On 4/11/25 9:42 AM, James Morse wrote:
> resctrl_exit() was intended for use when the 'resctrl' module was unloaded.
> resctrl can't be built as a module, and the kernfs helpers are not exported
> so this is unlikely to change. MPAM has an error interrupt which indicates
> the MPAM driver has gone haywire. Should this occur tasks could run with
> the wrong control values, leading to bad performance for important tasks.
> In this scenario the MPAM driver will reset the hardware, but it needs
> a way to tell resctrl that no further configuration should be attempted.
>
> In particular, moving tasks between control or monitor groups does not
> interact with the architecture code, so there is no opportunity for the
> arch code to indicate that the hardware is no-longer functioning.
>
> Using resctrl_exit() for this leaves the system in a funny state as
> resctrl is still mounted, but cannot be un-mounted because the sysfs
> directory that is typically used has been removed. Dave Martin suggests
> this may cause systemd trouble in the future as not all filesystems
> can be unmounted.
>
> Add calls to remove all the files and directories in resctrl, and
> remove the sysfs_remove_mount_point() call that leaves the system
> in a funny state. When triggered, this causes all the resctrl files
> to disappear. resctrl can be unmounted, but not mounted again.
>

The caveat here is that resctrl pretends to be mounted (resctrl_mounted == true)
but there is nothing there. The undocumented part of this is that for this
to work resctrl fs depends (a lot) on the architecture's callbacks to know
if they are being called after a resctrl_exit() call so that they return data
that will direct resctrl fs behavior to safest exit for those
resctrl fs flows that are still possible after a resctrl_exit(). Not ideal
layering.

I understand from a previous comment [1] that one of the Arm "tricks" is to
offline all domains. This seems to be a good "catch all" to ensure that at least
current flows of concern are not running anymore. Considering this,
what if there is a new resctrl_error_exit() that does something like below?

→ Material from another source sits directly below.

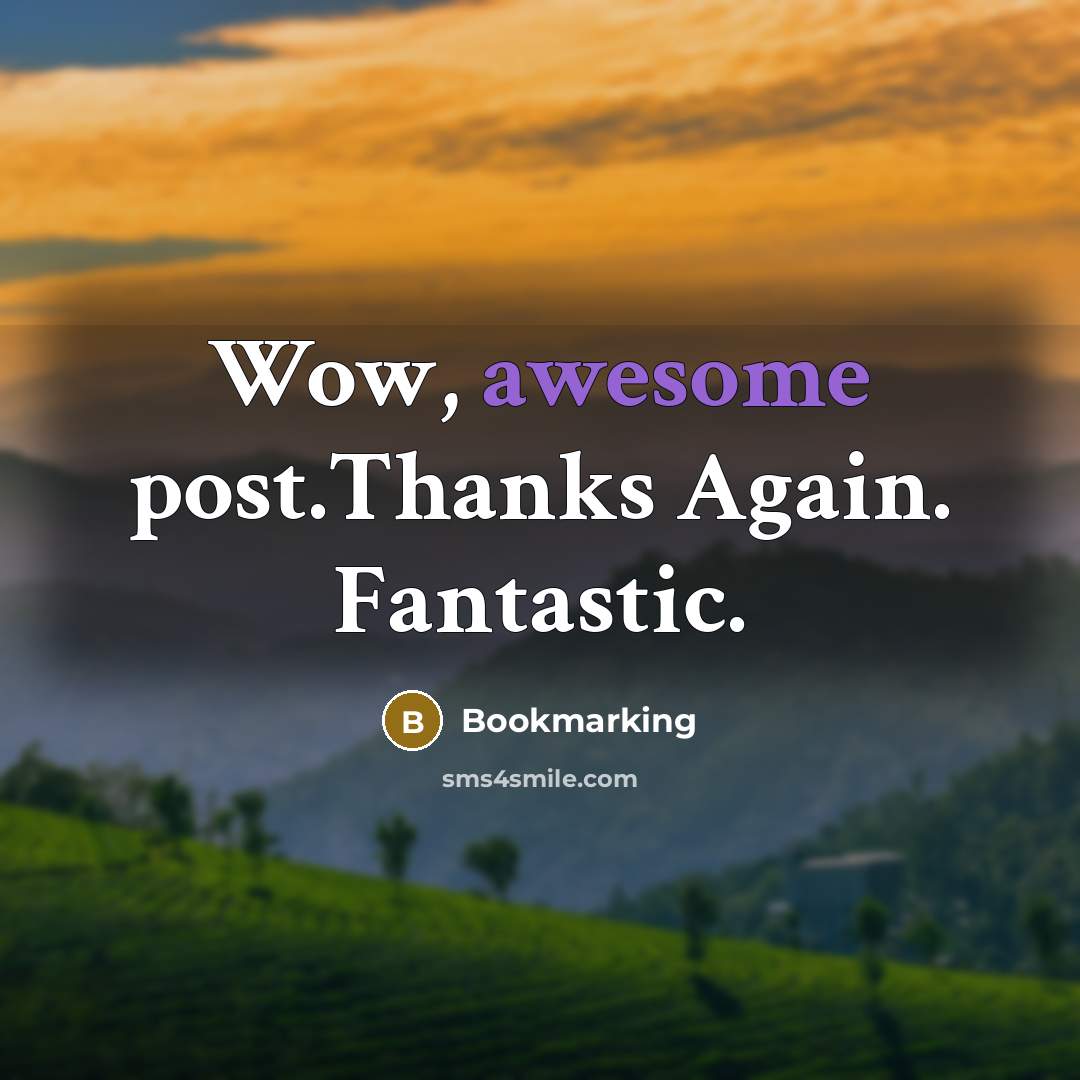 “Wow, awesome post.Thanks Again. Fantastic.” quote by Bookmarking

void resctrl_error_exit(void)
{
mutex_lock(&rdtgroup_mutex);
WARN_ON_ONCE(resctrl_new_function_returns_true_if_any_resource_has_a_control_or_monitor_domain());
resctrl_fs_teardown();
mutex_unlock(&rdtgroup_mutex);
resctrl_exit();
}

I do not see this as requiring anything new from architecture but instead
making what Arm already does a requirement and keeping existing behavior?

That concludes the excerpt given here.